*** Supplied data Section Begins ***

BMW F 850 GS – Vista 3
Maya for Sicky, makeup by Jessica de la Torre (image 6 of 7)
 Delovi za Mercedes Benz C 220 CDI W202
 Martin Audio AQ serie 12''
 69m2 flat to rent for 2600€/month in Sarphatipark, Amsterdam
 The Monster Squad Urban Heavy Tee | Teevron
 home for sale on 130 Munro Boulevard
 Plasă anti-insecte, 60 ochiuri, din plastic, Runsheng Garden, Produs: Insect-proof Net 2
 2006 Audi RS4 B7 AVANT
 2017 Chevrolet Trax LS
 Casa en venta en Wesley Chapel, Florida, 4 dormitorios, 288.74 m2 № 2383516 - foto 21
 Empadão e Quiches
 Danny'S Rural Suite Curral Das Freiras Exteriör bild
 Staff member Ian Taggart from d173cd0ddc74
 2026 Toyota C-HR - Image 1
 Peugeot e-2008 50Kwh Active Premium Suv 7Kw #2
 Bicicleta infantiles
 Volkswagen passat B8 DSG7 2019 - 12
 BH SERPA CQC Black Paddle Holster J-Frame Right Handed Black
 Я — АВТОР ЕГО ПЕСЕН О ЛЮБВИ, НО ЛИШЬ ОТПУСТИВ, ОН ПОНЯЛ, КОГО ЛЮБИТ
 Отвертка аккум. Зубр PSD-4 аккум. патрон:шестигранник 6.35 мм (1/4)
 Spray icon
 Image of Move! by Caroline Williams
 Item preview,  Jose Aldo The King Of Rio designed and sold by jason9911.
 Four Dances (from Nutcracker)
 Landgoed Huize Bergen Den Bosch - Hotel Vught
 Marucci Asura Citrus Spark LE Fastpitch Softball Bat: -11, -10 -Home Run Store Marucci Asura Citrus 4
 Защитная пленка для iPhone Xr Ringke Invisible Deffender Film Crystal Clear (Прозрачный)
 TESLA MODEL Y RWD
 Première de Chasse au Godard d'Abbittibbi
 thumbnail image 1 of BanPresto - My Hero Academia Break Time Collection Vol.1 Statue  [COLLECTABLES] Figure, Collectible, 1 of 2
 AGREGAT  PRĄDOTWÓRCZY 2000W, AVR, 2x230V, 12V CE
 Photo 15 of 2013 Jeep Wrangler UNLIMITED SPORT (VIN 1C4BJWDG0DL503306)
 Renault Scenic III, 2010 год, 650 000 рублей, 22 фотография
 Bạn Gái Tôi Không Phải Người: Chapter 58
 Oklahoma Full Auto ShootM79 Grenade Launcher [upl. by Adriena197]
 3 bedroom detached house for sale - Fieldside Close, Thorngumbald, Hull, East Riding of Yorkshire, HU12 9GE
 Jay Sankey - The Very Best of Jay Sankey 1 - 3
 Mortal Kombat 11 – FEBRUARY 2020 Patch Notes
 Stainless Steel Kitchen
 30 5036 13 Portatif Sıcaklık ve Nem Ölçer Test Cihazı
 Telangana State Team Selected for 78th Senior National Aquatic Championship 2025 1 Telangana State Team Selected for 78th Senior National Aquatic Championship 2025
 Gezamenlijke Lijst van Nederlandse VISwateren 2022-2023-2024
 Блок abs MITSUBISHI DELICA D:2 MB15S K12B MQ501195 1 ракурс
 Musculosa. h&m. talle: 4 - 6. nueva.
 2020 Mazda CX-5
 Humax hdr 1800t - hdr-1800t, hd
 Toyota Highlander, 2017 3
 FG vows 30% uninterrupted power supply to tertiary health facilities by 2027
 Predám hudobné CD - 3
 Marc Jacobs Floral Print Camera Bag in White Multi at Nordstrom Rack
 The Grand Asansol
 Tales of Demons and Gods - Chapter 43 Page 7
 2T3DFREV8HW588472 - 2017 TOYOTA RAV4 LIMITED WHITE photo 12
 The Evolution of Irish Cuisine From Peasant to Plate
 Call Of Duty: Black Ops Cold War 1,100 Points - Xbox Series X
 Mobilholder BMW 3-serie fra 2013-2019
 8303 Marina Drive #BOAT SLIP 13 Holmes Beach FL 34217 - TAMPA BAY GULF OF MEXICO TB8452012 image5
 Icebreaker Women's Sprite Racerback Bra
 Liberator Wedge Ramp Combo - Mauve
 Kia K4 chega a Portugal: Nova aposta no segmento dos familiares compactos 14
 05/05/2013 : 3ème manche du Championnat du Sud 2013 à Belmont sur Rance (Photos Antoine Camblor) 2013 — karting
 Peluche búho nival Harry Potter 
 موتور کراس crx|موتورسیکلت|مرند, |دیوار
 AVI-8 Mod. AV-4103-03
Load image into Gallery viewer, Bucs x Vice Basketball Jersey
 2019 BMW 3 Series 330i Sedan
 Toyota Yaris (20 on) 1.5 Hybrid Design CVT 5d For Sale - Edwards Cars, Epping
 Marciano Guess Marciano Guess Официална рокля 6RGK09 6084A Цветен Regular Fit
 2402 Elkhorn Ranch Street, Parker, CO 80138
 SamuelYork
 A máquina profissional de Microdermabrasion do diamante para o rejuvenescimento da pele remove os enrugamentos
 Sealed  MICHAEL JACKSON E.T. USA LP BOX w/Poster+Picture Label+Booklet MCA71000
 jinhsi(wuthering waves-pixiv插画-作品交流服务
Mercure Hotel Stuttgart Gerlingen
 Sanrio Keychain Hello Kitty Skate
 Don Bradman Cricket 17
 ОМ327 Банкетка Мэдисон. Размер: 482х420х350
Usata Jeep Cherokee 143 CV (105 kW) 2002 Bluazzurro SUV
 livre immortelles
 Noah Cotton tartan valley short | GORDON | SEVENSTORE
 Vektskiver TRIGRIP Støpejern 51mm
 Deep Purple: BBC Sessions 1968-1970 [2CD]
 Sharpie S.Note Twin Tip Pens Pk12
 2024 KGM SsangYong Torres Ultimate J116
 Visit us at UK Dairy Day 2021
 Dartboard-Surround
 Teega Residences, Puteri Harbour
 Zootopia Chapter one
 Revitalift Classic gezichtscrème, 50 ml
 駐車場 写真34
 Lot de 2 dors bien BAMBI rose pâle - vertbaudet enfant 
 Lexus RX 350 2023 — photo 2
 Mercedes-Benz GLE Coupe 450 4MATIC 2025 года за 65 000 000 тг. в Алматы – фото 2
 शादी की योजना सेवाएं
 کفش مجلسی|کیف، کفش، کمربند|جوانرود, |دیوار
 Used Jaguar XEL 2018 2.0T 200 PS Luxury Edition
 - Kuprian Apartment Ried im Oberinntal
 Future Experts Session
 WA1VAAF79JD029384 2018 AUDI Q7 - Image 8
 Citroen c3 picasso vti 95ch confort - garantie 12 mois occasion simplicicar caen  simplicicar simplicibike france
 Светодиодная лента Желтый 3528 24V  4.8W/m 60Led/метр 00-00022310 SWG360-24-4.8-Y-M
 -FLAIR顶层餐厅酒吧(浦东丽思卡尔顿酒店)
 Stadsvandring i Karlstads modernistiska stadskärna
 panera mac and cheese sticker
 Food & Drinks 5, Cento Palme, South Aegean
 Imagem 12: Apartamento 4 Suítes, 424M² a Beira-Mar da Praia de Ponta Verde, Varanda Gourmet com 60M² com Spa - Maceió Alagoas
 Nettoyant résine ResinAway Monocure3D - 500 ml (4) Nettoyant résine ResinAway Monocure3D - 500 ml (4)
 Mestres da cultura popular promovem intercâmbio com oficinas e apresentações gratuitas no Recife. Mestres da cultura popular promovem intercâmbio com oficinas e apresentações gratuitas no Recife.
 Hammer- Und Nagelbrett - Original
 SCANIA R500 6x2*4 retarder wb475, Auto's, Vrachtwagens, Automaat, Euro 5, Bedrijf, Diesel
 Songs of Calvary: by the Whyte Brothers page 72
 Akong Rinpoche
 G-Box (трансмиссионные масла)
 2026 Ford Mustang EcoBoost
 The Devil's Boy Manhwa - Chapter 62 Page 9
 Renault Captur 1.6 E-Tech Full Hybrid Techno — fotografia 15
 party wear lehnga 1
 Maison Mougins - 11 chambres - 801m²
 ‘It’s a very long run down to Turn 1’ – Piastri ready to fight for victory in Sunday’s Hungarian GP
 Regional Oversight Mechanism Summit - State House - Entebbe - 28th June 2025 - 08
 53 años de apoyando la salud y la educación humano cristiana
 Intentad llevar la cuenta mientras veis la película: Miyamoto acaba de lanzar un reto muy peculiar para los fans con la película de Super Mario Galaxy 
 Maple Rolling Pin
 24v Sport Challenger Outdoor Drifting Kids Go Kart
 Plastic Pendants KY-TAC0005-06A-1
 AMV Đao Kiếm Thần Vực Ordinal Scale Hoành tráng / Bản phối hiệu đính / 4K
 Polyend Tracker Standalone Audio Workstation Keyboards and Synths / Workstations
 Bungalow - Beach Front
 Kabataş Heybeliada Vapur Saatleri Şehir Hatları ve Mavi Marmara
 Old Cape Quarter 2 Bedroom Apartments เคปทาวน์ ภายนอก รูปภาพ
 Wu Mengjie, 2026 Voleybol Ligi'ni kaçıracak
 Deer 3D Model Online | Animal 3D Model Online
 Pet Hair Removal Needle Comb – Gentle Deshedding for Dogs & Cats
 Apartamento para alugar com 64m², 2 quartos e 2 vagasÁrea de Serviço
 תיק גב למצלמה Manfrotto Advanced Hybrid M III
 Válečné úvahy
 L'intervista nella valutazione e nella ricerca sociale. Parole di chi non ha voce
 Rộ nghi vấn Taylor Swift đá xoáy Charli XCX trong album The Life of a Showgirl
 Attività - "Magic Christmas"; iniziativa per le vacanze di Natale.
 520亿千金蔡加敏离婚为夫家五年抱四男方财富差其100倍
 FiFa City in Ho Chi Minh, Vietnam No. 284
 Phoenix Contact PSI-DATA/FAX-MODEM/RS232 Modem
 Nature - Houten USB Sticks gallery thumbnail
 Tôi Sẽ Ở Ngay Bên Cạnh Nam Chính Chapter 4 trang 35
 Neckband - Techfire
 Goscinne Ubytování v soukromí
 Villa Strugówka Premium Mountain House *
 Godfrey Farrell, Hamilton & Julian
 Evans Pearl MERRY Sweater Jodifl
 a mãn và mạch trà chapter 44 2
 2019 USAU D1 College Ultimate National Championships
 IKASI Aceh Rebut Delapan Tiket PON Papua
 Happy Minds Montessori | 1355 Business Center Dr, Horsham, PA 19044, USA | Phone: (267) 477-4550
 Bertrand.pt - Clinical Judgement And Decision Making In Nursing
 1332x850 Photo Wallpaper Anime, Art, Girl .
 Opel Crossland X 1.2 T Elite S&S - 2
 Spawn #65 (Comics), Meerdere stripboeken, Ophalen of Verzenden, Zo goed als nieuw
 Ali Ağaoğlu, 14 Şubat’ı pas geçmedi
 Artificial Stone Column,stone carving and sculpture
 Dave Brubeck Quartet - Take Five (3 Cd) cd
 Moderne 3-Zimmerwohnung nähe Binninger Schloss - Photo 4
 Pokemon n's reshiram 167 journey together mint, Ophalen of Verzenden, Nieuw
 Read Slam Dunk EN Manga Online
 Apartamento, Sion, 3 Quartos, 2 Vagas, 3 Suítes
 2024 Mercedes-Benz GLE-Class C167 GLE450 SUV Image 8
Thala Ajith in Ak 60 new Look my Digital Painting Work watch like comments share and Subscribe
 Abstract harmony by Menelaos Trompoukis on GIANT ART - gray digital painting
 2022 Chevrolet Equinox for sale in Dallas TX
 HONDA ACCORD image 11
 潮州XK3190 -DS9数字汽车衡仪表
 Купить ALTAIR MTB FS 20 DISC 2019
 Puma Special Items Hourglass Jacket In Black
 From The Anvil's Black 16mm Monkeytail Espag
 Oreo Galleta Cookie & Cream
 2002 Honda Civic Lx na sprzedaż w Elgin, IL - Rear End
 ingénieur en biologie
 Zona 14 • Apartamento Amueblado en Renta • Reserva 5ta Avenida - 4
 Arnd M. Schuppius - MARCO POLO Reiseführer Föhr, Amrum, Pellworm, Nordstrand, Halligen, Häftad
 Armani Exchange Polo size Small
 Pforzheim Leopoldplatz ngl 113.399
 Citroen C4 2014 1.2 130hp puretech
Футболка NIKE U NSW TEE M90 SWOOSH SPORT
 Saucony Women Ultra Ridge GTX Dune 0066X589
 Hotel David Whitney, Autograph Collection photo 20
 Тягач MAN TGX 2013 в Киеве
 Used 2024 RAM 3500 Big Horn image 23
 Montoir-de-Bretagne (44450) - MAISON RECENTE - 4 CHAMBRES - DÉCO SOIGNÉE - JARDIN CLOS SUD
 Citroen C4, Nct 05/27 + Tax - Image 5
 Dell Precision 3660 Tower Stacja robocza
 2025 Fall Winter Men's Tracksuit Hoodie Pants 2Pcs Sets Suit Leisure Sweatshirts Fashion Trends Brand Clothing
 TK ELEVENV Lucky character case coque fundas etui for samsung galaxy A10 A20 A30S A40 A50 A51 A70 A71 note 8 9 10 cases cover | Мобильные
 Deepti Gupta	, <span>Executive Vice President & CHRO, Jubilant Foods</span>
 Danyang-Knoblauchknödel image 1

*** Supplied data Section Ends ***

Retype only the stretch of lines above starting at the one with "8303 Marina Drive" and stopping at the one with "Marciano Guess Marciano", exactly as written, with both kept.

#### [Written solution]
 8303 Marina Drive #BOAT SLIP 13 Holmes Beach FL 34217 - TAMPA BAY GULF OF MEXICO TB8452012 image5
 Icebreaker Women's Sprite Racerback Bra
 Liberator Wedge Ramp Combo - Mauve
 Kia K4 chega a Portugal: Nova aposta no segmento dos familiares compactos 14
 05/05/2013 : 3ème manche du Championnat du Sud 2013 à Belmont sur Rance (Photos Antoine Camblor) 2013 — karting
 Peluche búho nival Harry Potter 
 موتور کراس crx|موتورسیکلت|مرند, |دیوار
 AVI-8 Mod. AV-4103-03
Load image into Gallery viewer, Bucs x Vice Basketball Jersey
 2019 BMW 3 Series 330i Sedan
 Toyota Yaris (20 on) 1.5 Hybrid Design CVT 5d For Sale - Edwards Cars, Epping
 Marciano Guess Marciano Guess Официална рокля 6RGK09 6084A Цветен Regular Fit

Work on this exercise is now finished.